++++ Information shown
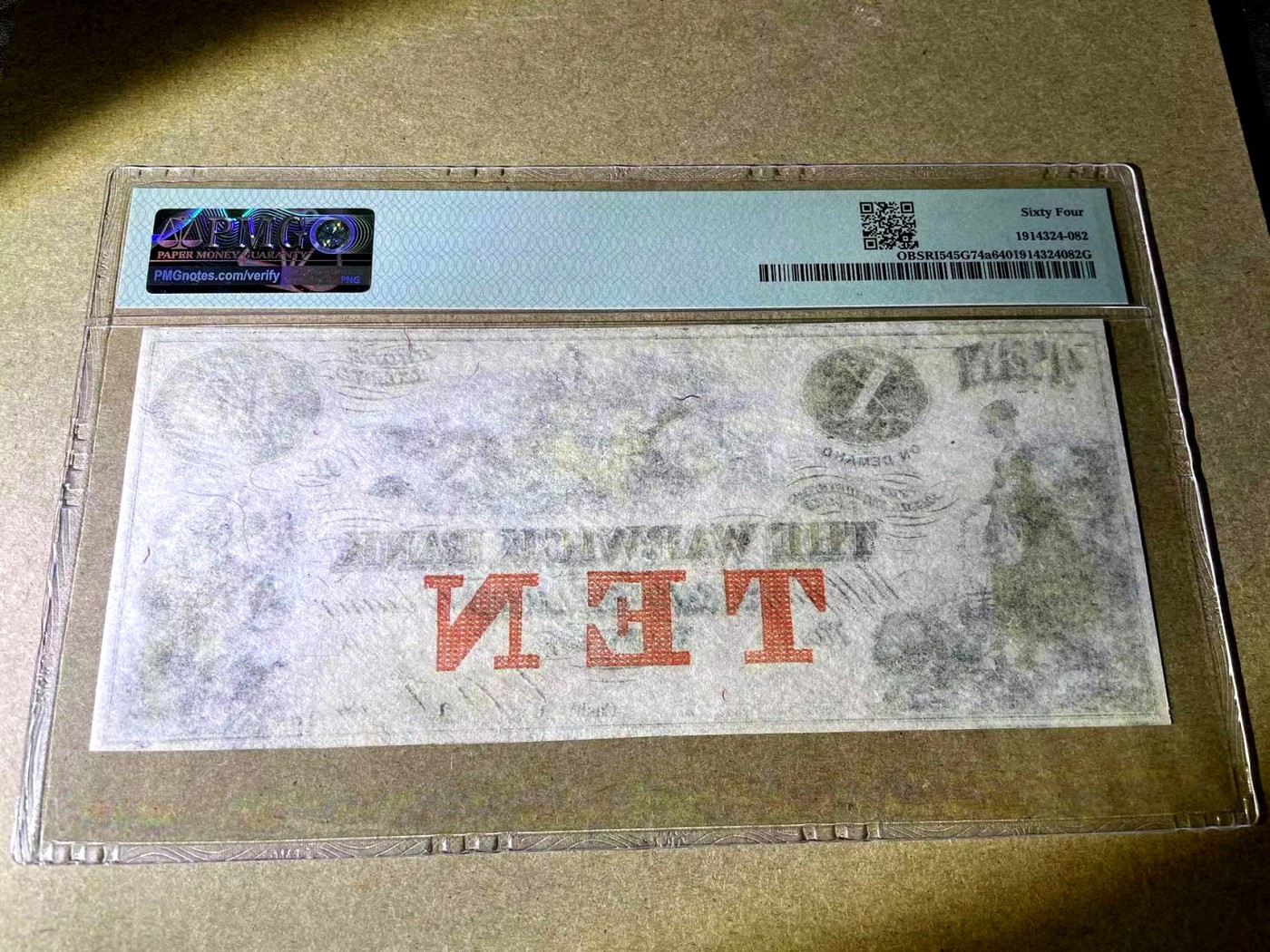 【Blue Auction】✨世界纸币精拍第375期【精】 【少见品种 田园风精美 带签名】美国 罗德岛 1858年10美金 设计非常耐看唯美 PMG64 全新品相 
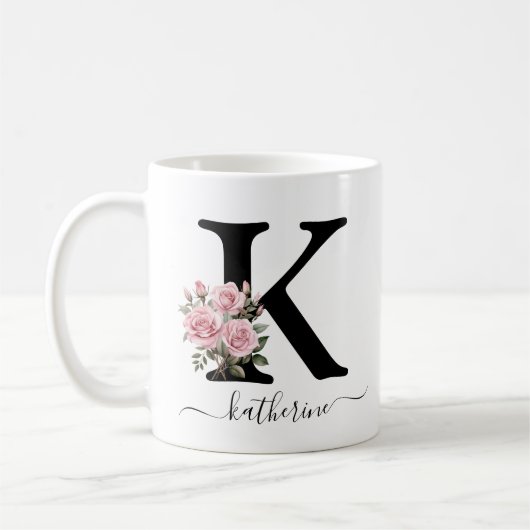 Initiaal K Monogram Bloembloem Roze Rozen Mok (Links)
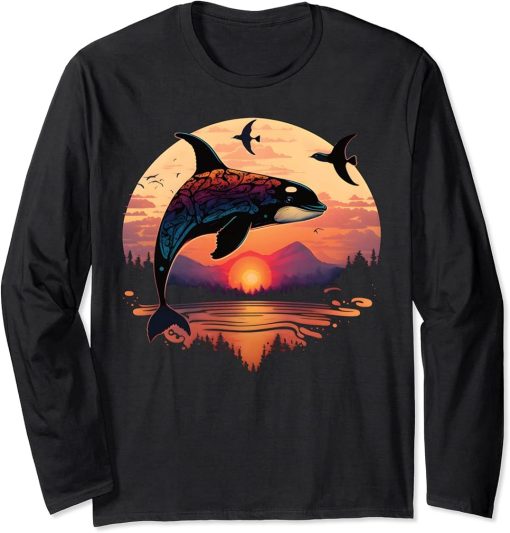 Colourful mystical orca whale watching dolphin pottwhale orca whale Long Sleeve T-Shirt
++++++++
All lines of the material above should be returned unchanged, but no pictures should be included.

▶ **Output of the exercise**:
 【Blue Auction】✨世界纸币精拍第375期【精】 【少见品种 田园风精美 带签名】美国 罗德岛 1858年10美金 设计非常耐看唯美 PMG64 全新品相 
 Initiaal K Monogram Bloembloem Roze Rozen Mok (Links)
 Colourful mystical orca whale watching dolphin pottwhale orca whale Long Sleeve T-Shirt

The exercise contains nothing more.